| What is being asked |
Would you give back exactly the lines from the line with "White Shark WS" through the end of the entries below, both included, but none of the pictures?

| Recorded data |
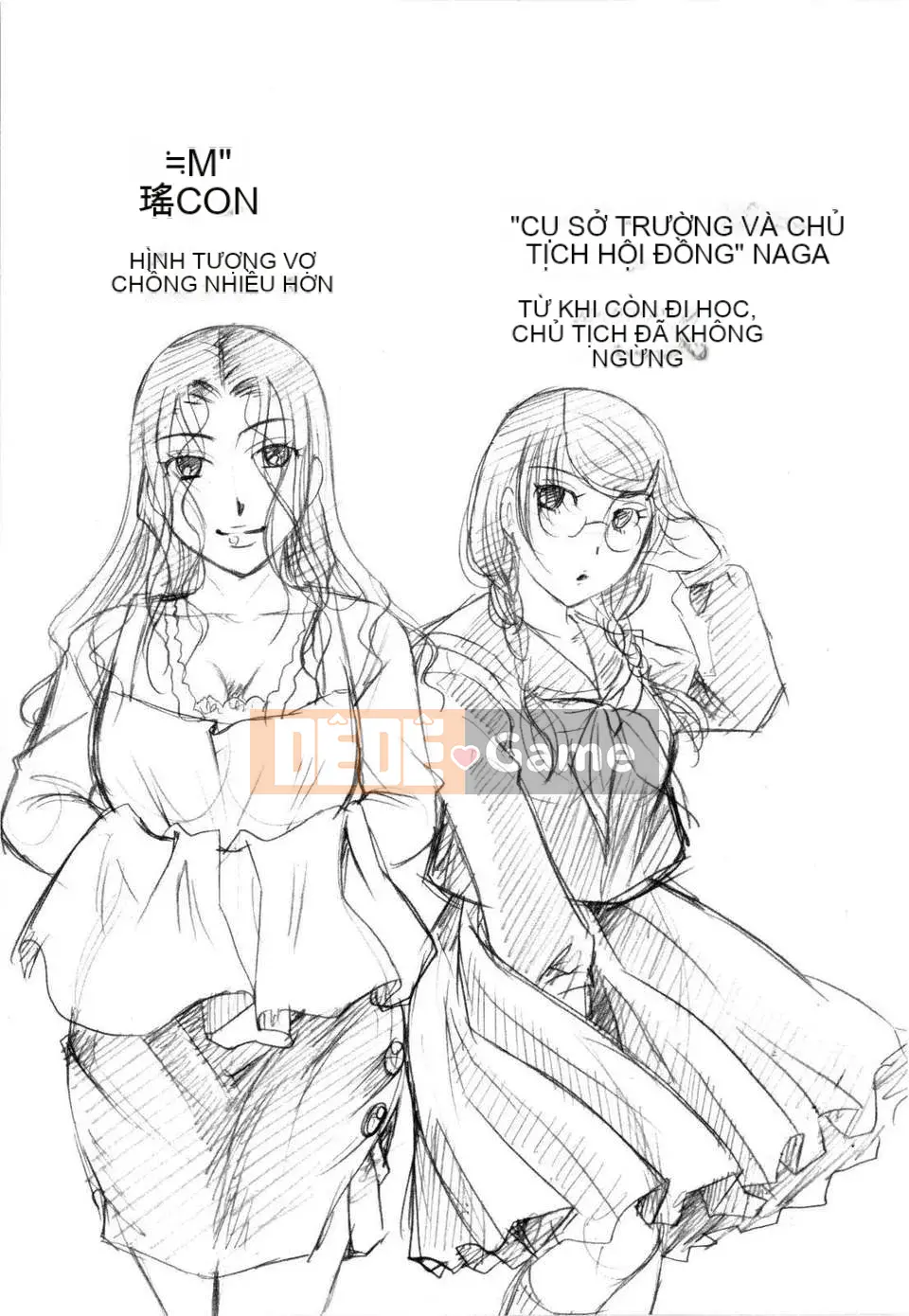 [Itoei] Thì thầm với đôi môi ấy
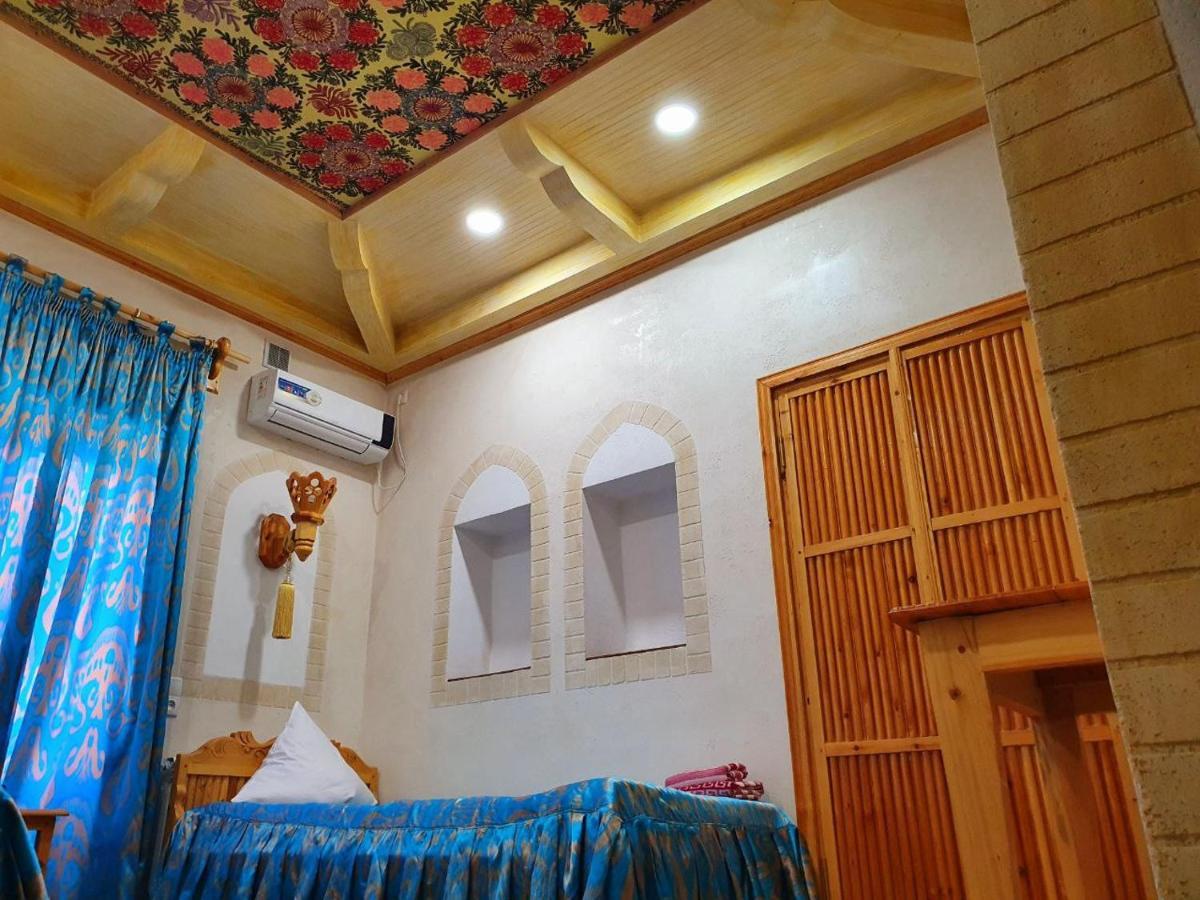 Zukhro Boutique Hotel Khiva Exterior foto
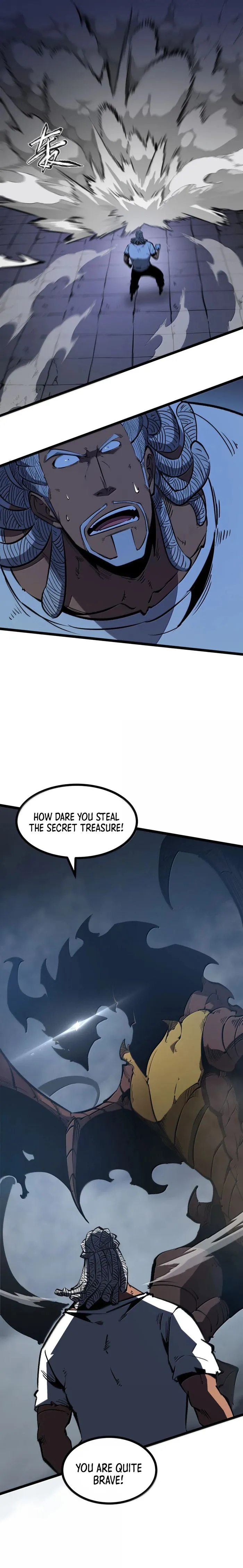 I Became The King by Scavenging Chapter 64 - page 11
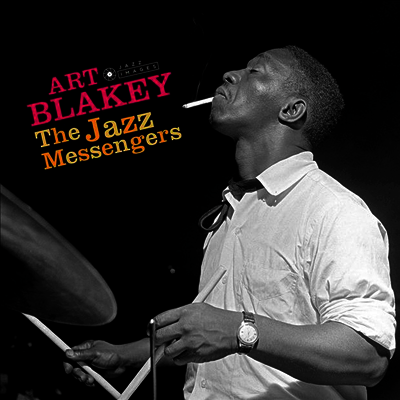 Art Blakey — The Jazz Messengers (Deluxe Gatefold Edition) 앨범 커버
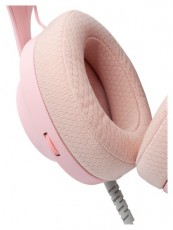 White Shark WS GH-2440P PARROT-P r&oacute;zsasz&iacute;n gamer headset Audio-Video / Hifi / Multim&eacute;dia - F&uuml;l &eacute;s Fejhallgat&oacute;k - Fejhallgat&oacute; mikrofonnal / headset - 507763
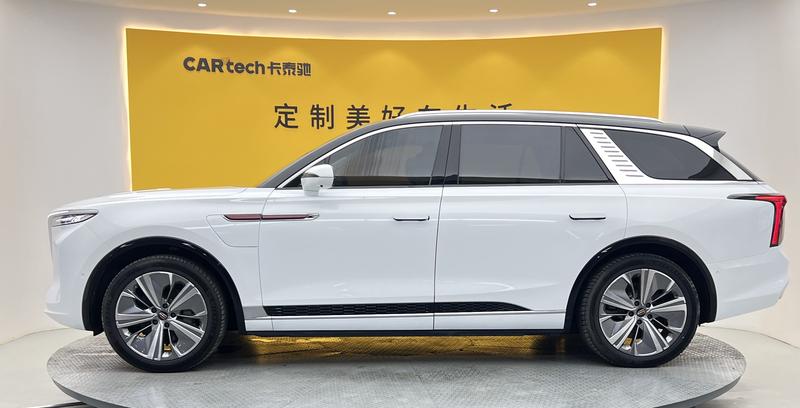 Hongqi E-HS9, 2023 — фото 4 из 12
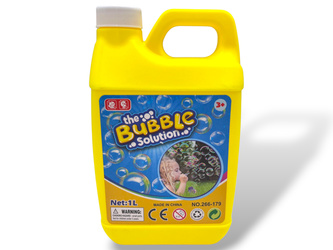 PŁYN DO BANIEK 1L K1149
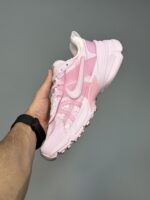 کتونی نایک وی تو کی ران صورتی گلدار Nike V2K Run Pink Foam Arctic Pink - Image 4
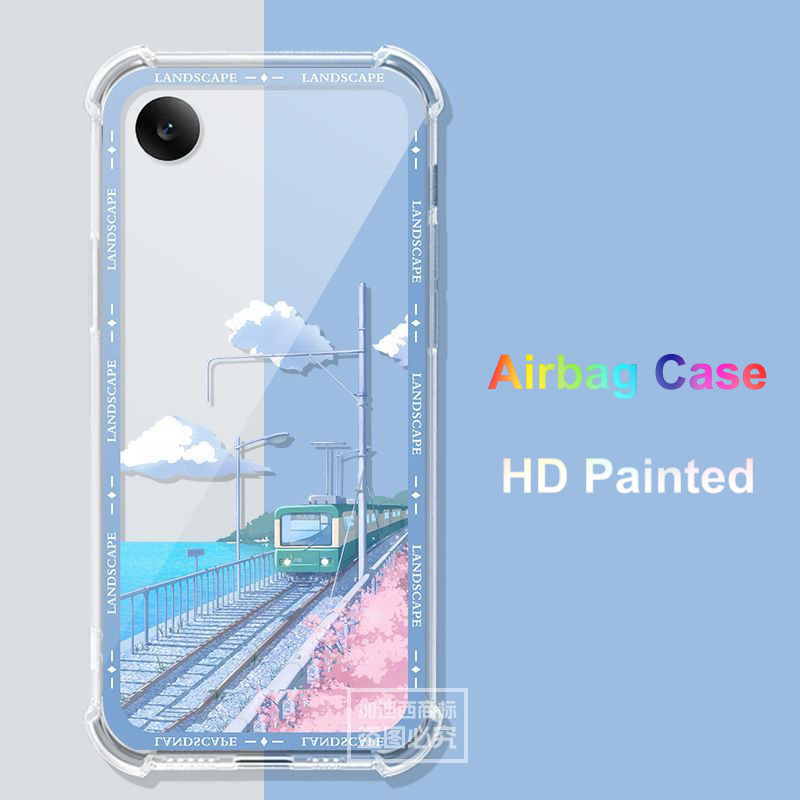 Dành Cho IReader Tango 2 Pro Đệm Chống Sốc Túi Khí Silicon Mềm TPU Dành Cho iReader Tango2 Pro Shell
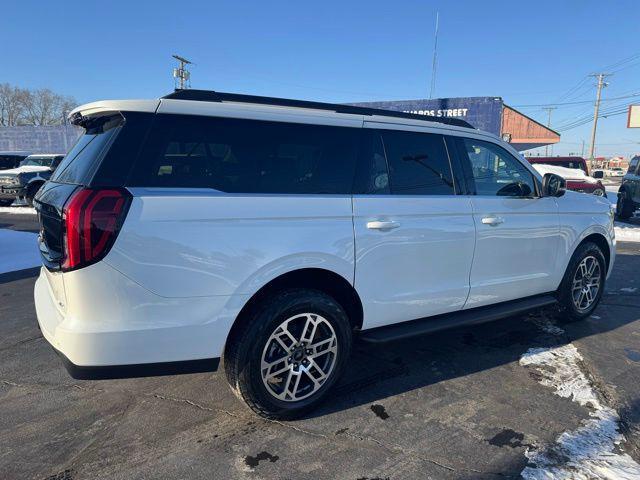 new 2026 Ford Expedition Max car, priced at $75,117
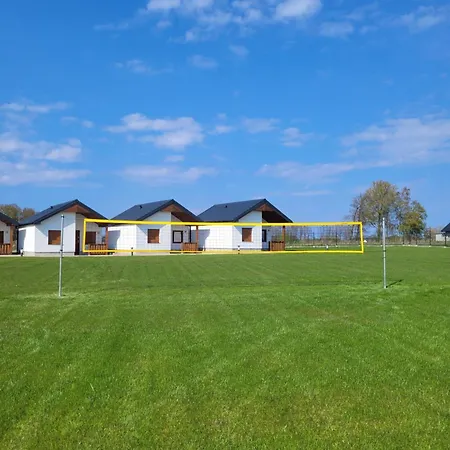 Kwiat Paproci Ferienhaus Gąski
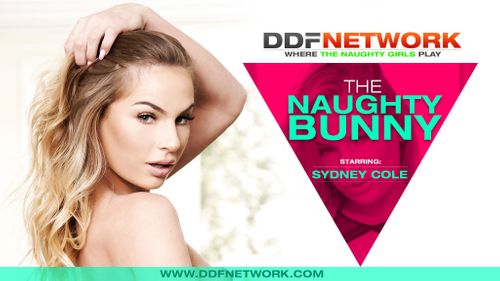 DDF Network Has Sydney Cole's Hefner Tribute 'The Naughty Bunny'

| Solved problem |
 White Shark WS GH-2440P PARROT-P r&oacute;zsasz&iacute;n gamer headset Audio-Video / Hifi / Multim&eacute;dia - F&uuml;l &eacute;s Fejhallgat&oacute;k - Fejhallgat&oacute; mikrofonnal / headset - 507763
 Hongqi E-HS9, 2023 — фото 4 из 12
 PŁYN DO BANIEK 1L K1149
 کتونی نایک وی تو کی ران صورتی گلدار Nike V2K Run Pink Foam Arctic Pink - Image 4
 Dành Cho IReader Tango 2 Pro Đệm Chống Sốc Túi Khí Silicon Mềm TPU Dành Cho iReader Tango2 Pro Shell
 new 2026 Ford Expedition Max car, priced at $75,117
 Kwiat Paproci Ferienhaus Gąski
 DDF Network Has Sydney Cole's Hefner Tribute 'The Naughty Bunny'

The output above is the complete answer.